● AIM OF THE EXERCISE
From the material below, return exactly the lines starting at the one that holds "disponibili cuccioli di" and ending at the one that holds "Images - iStock". Pictures stay out of the answer.

● DATA FOR REVIEW
BEGIN

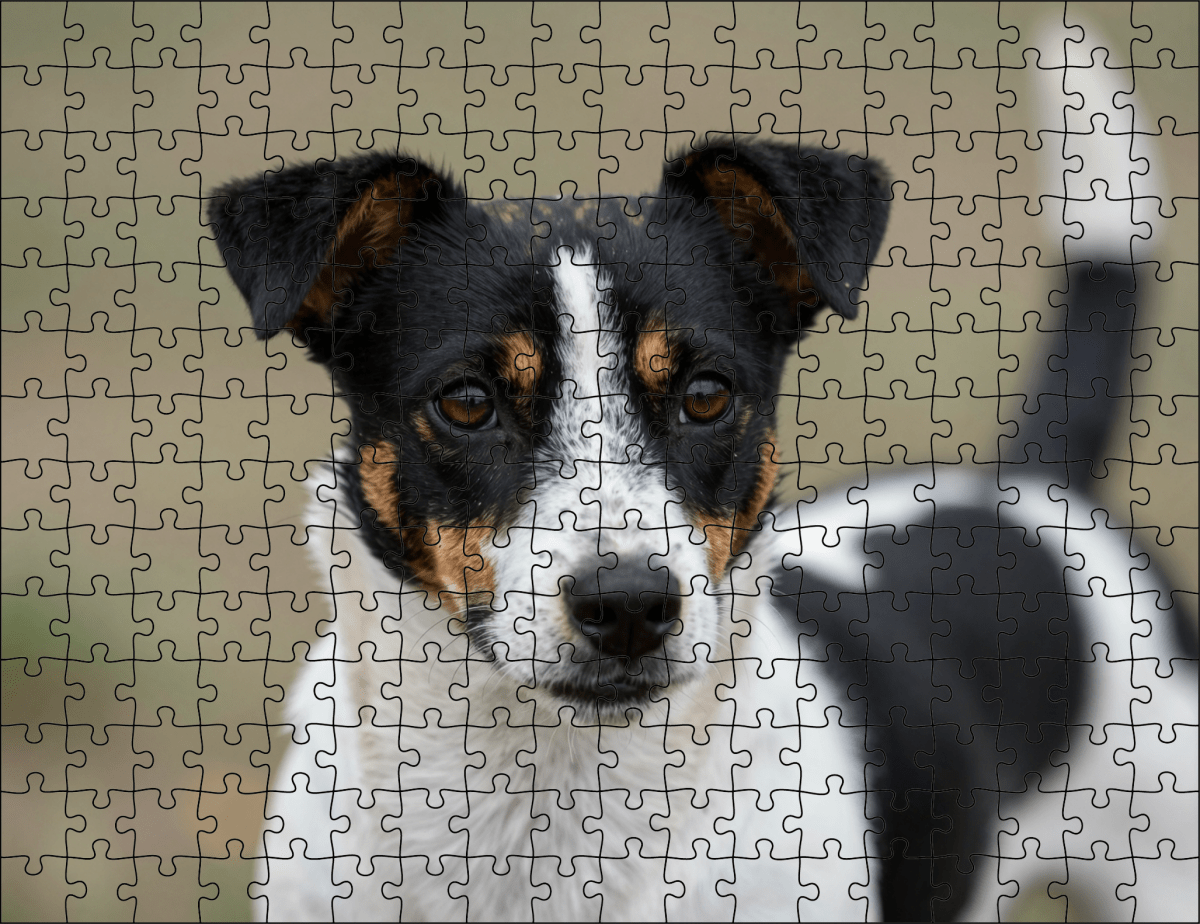 Fotopuzzel Zwart/witte Jack Russell | Portretfoto | Liggend - Stukjes Geluk
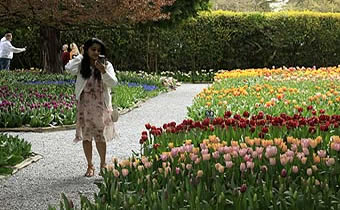 Skagit Valley Tulip Festival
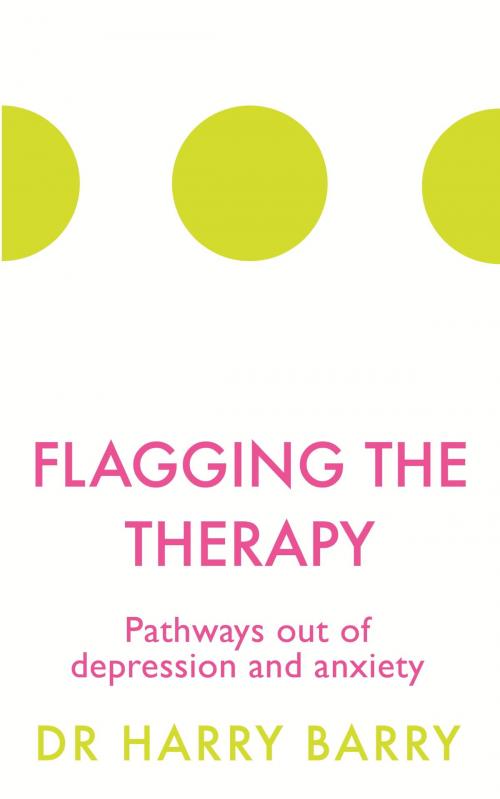 Cover of the book Flagging the Therapy by Harry Barry, Orion Publishing Group
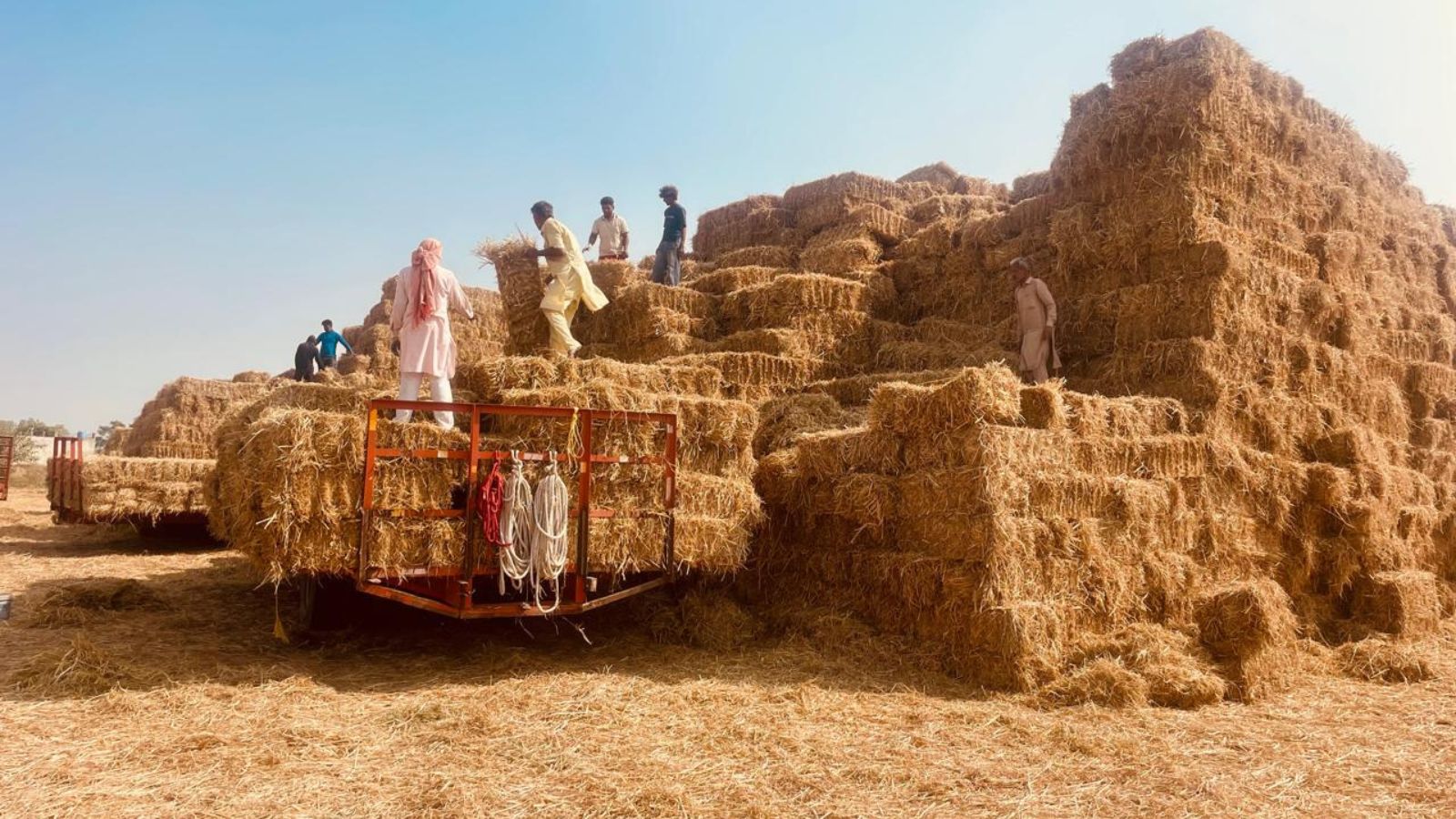 Punjab Farmers Face Wheat Sowing Delays Due to Uncollected Straw Bales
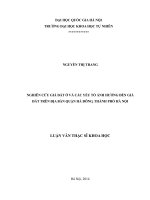 Nghiên cứu giá đất ở và các yếu tố ảnh hưởng đến giá đất trên địa bàn quận Hà Đông, thành phố Hà Nội : Luận văn ThS. Quản lý đất đai: 60 85 01 03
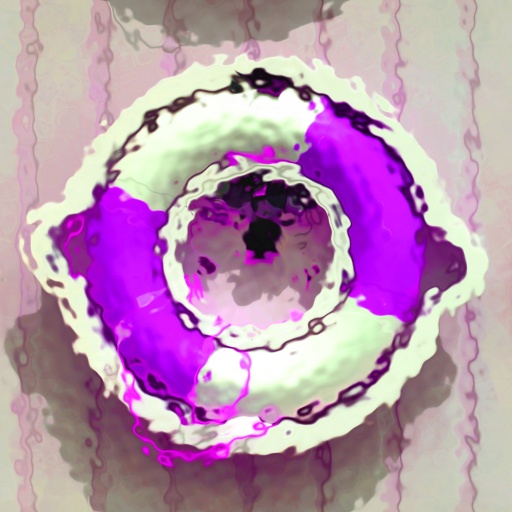 Variation 4
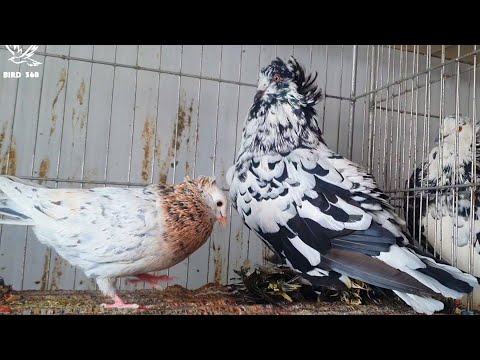 Giant Hungarian house pigeon breed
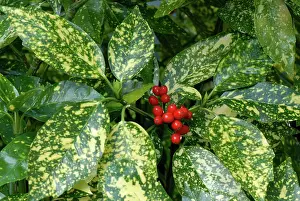 Laurel: Spotted laurel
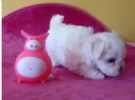 disponibili cuccioli di maltese toy per la dozione  | Foto 5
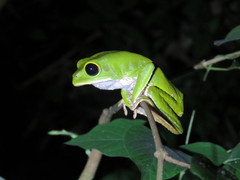 Phyllomedusa camba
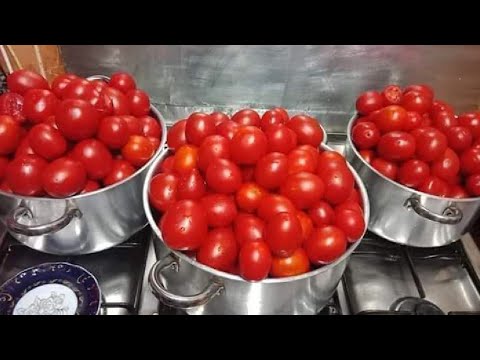 , title : 'تفريز الطماطم لشهر رمضان وطول ايام السنه بطريقه جديده هتعملي٥٠كيلو في ربع ساعه'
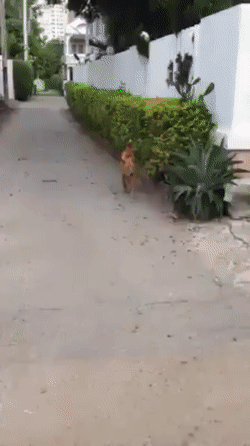 Собака Джеки Чана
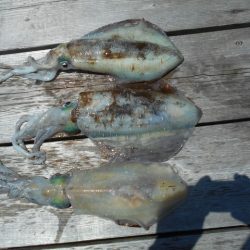 こかわ渡船　雅丸 釣果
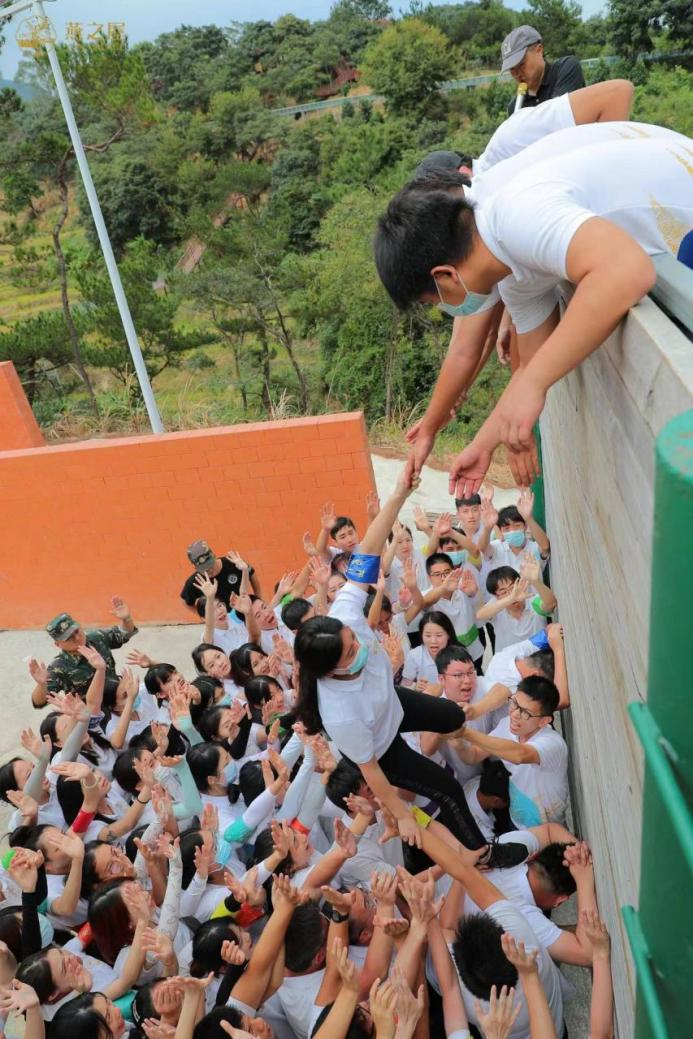 WG����(�й���)-�ٷ���վ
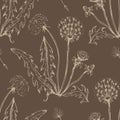 Dandelion flowers wildflowers graphic vector hand-drawn Royalty Free Stock Photo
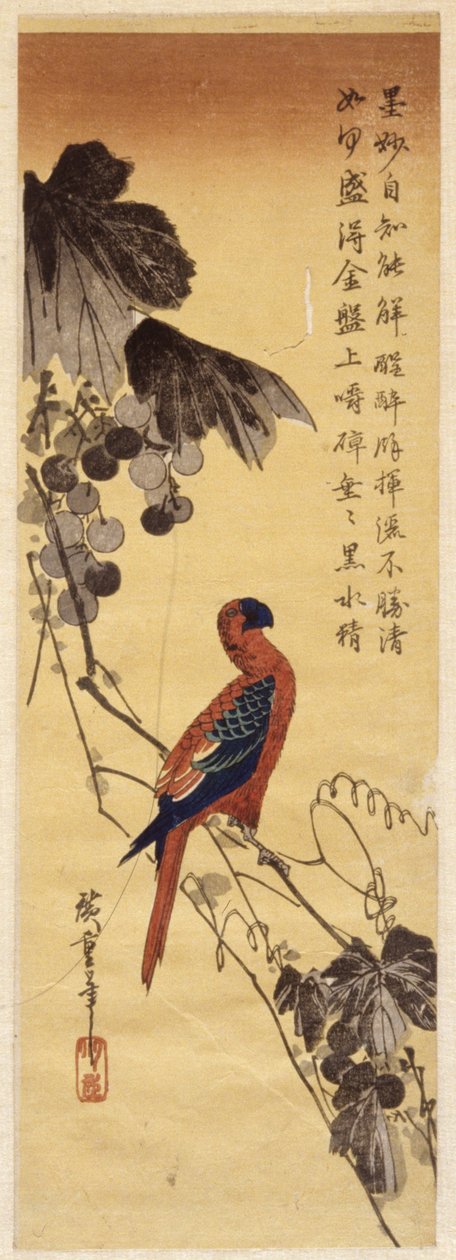 Papegoja och vinrankor (träblock i färg) av Ando or Utagawa Hiroshige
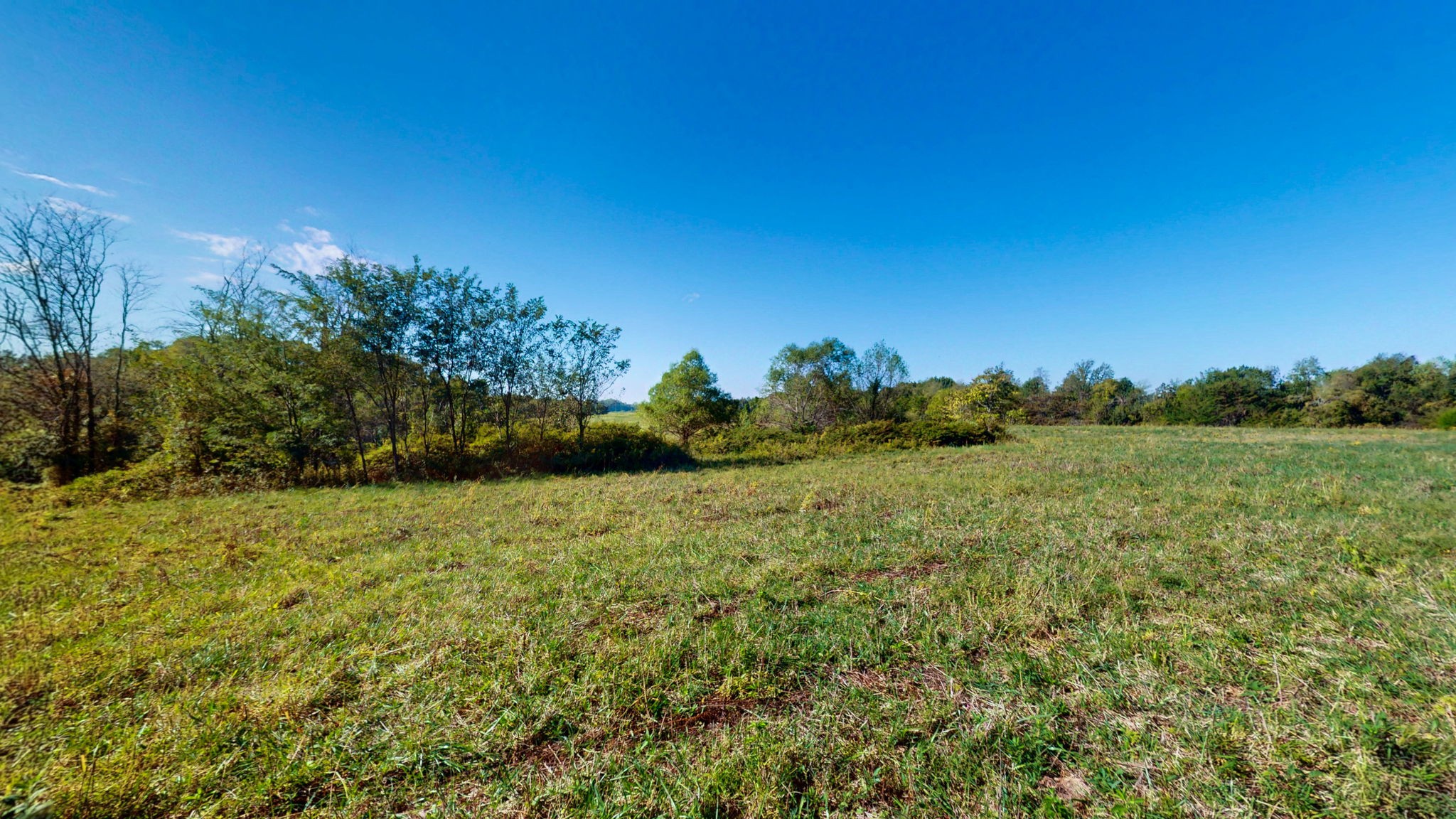 0 Old Paris Murray Rd Property Photo 12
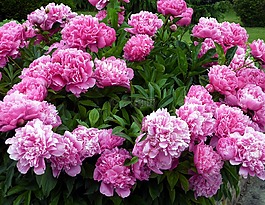 鮮花,牡丹,花園
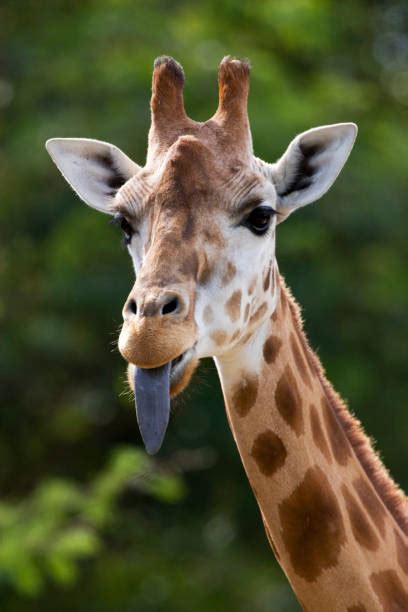 Giraffe Tongue Stock Photos, Pictures & Royalty-Free Images - iStock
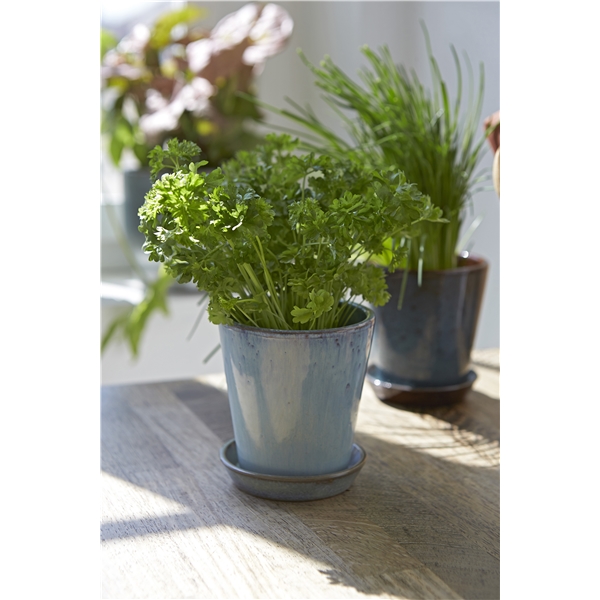 Knabstrup Dyrkepotte 11cm (Bilde 2 av 4)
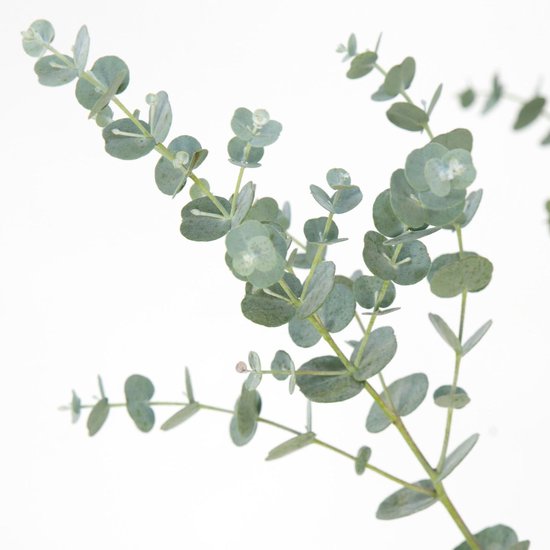 Een close-up van grijsgroene eucalyptusbladeren aan een tak.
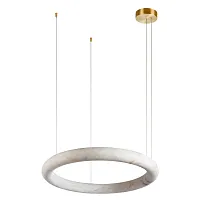 Светильник подвесной LED Oslo 10407/800 LOFT IT белый на 1 лампу, основание бронзовое в стиле современный кольца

END

● REPLY
 disponibili cuccioli di maltese toy per la dozione  | Foto 5
 Phyllomedusa camba
 , title : 'تفريز الطماطم لشهر رمضان وطول ايام السنه بطريقه جديده هتعملي٥٠كيلو في ربع ساعه'
 Собака Джеки Чана
 こかわ渡船　雅丸 釣果
 WG����(�й���)-�ٷ���վ
 Dandelion flowers wildflowers graphic vector hand-drawn Royalty Free Stock Photo
 Papegoja och vinrankor (träblock i färg) av Ando or Utagawa Hiroshige
 0 Old Paris Murray Rd Property Photo 12
 鮮花,牡丹,花園
 Giraffe Tongue Stock Photos, Pictures & Royalty-Free Images - iStock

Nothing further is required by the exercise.